The VTT Technical Research Centre of Finland and the Metropolia University of Applied Sciences in Helsinki are collaborating with industrial partners to investigate opportunities to extend integration of visually attractive solar modules into architecture of building façades.
VTT Technical Research Centre says it has developed a mass production method – based on printing technologies to manufacture patterned organic solar modules – that 'enables freely customised solar modules to meet the architectural requirements of buildings, and to add value to their visual appearance in addition to energy production’.
The Centre said “Organic solar modules can form even visually attractive multicolour graphical images. Thinness and flexibility allow the modules to be integrated in glass or adjusted to integrate into a freeform surface in building façades. They can also serve as intelligent interior surfaces that collect energy from indoor lighting, for devices such as sensors that gather information from the surrounding environment as part of ‘Internet of things applications’.
PES Architects, one of the project partners, has developed designed an innovative building façade concept in which solar modules symbolising ice crystals through Chinese calligraphy are brought into glass façades. The concept was the winning proposal in the design competition for the Sino-Finnish Congress Centre in Nanjing, China. OPTIONAL CUT: It also received the Special Award for Innovation in the MIPIM / Architectural Review Future Project Awards 2018.
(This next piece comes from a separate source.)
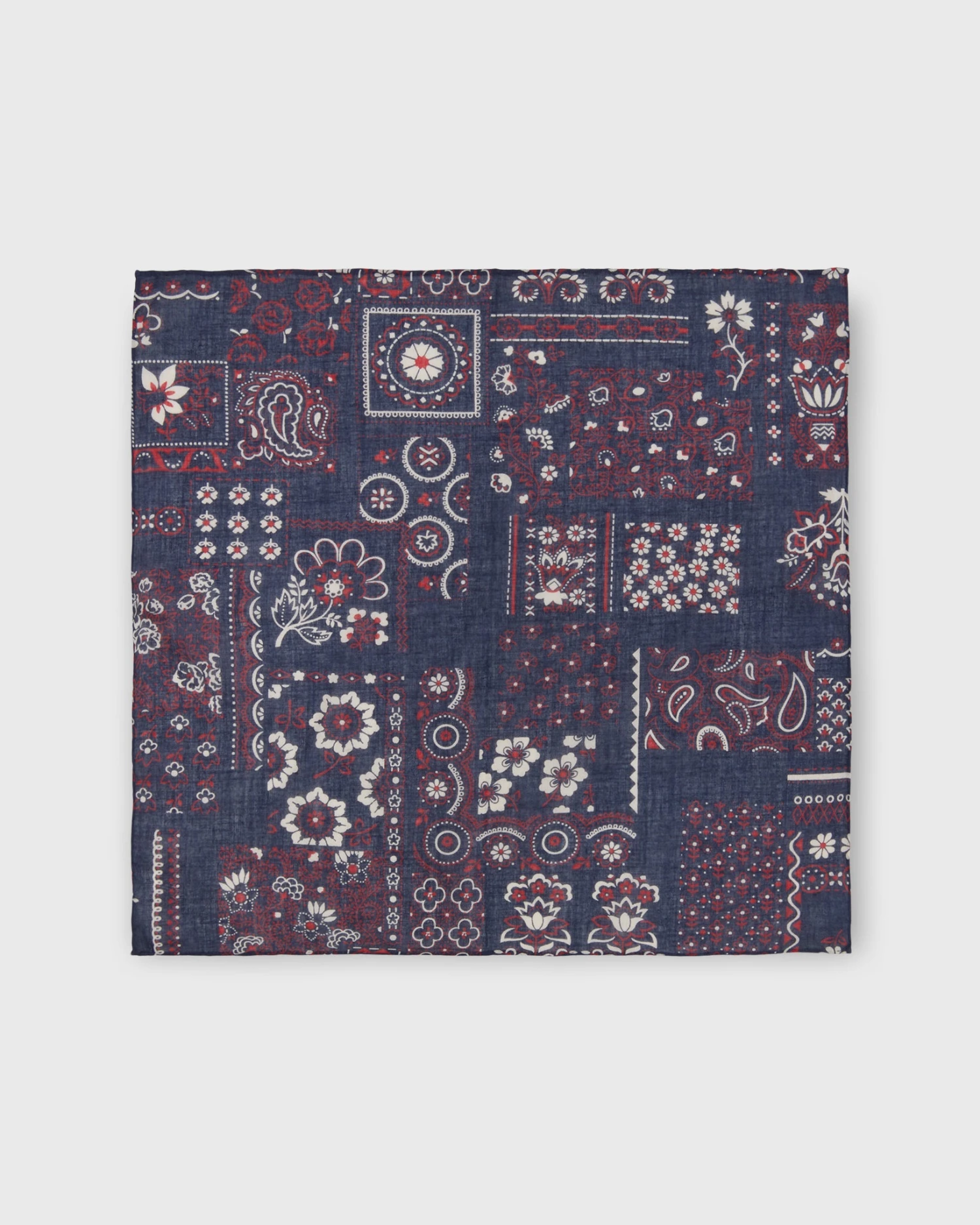 Cotton Print Pocket Square In Navy Patchwork Paisley 2 Cotton Print Pocket Square In Navy Patchwork Paisley - Image 2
“The aim is to execute an architecturally interesting pilot location for a graphical solar module façade, as part of the Sino-Finnish Centre,” explained Jarkko Salminen, CEO of PES Architects.
“The product is expected to have an attractive cost-benefit ratio in the future, and its freely visually modifiable features will provide the solar module façade with huge international potential,” added Professor, Architect Pekka Salminen of PES Architects.